Health ministers says zero matches from DNA analysis
NASSAU, BAHAMAS — Fifty unclaimed storm victims who remain in a refrigerated trailer in Abaco will be buried on the island in another three to four weeks, Eyewitness News can confirm.
“To your question of burial, we have repeatedly said that at some point those remains have to buried with dignity,” said Minister of Health Dr. Duane Sands.
“The body with responsibility for disaster recovery and reconstruction; that authority have been in the process of identifying an appropriate site.
“I do not know where that site is, but we have begun the process of identifying a site and identifying a group of mortuaries to participate in the process of interment of these remains.”
Sands said: “If at any point there is a match to any sample, to any loved ones, that we can say the remains of your loved one is in this particular spot, but as [today], there are no matches.”
It has been more than five months since Hurricane Dorian ravaged portions of Abaco and Grand Bahama.
Speaking to Eyewitness News, Sands said of the 50 sets of remains being stored, none of them matched DNA samples taken from purported relatives.
He said despite claims from families that their relatives are among the victims, there is “no DNA or forensic evidence to support that”.

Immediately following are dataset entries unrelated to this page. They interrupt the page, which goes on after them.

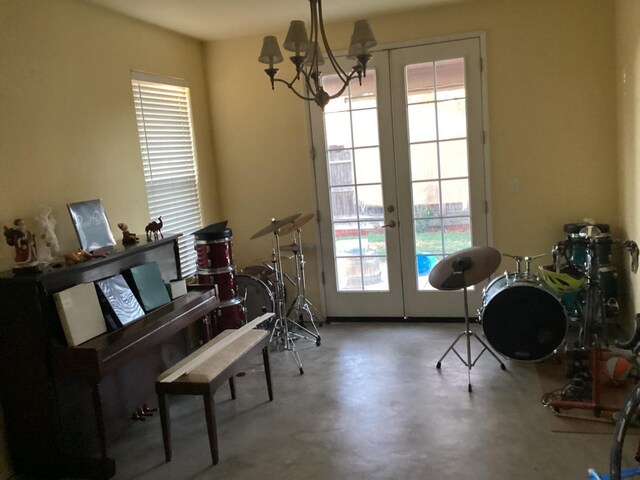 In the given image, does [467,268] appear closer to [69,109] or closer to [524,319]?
[524,319]

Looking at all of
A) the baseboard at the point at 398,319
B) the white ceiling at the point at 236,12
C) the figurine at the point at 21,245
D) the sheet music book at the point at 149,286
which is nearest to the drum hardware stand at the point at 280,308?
the baseboard at the point at 398,319

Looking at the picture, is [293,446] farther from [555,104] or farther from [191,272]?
[555,104]

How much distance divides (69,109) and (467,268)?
262cm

“At the end of the day the process now requires that we; there have been two separate trains of thought in terms of ‘these bodies have been held for too long,” Sands continued.
“Given the state of decomposition in which all of the bodies were found, some of them were able to recognize race or I’m advised sex or age; the DNA become critical in terms of confirming this is your loved one.
“And so, while we collectively understand the very, very important need for closure — closure has to be gotten on the basis on irrefutable evidence.”
He added: “And so, if you do not have DNA match — John Doe has given DNA; his DNA does not match any bodies in the trailer, then what do I say?
“The process of DNA matching can take anywhere from six to nine months.
“That is not based on any attempt to do DNA sequencing in The Bahamas. The samples are sent to forensic labs in the United States.”
Sands said pathologists have performed autopsies on each of the victims.
Asked when the mass burial will occur, Sands said it could take place in “another three to four weeks”.
It remains unclear how many DNA samples have been collected.
Meanwhile, victim’s families continue to call on the government to release the remains of loved ones.
Citha Silien, a Bahamian of Haitian descent, said her mother, brother and cousin, attempted to seek refuge in a church in Marsh Harbour during the record storm.
However, she said her mother was struck by an object and died in her arms before they could reach safety. Her brother also went missing during the storm.
“I can’t verify them and said they said I need the blood work,” she said.
“[When] I was in Abaco, I found my mummy still on the floor. I have proof. I have the shoes that she had on and the chain that she had on.
Silien pointed to the chain around her neck.
She said she has photos of her brother’s and her mother’s bodies, though decomposed
“My problem is I want to bury them,” she said.
“NEMA told me I have to say that they are missing and because I don’t want to say that, they say that I am crazy.
“But my Mum, my brother and my cousin are not missing. My mummy is dead. My cousin is dead and my brother is dead.”
Silien said she has heard the government plans to soon bury the storm victims whose bodies have not been identified, but asked, “why is it a problem for me to bury them?”
She said: “I am asking for help because I want to bury them. I want my mother to rest. I want my brother to rest.”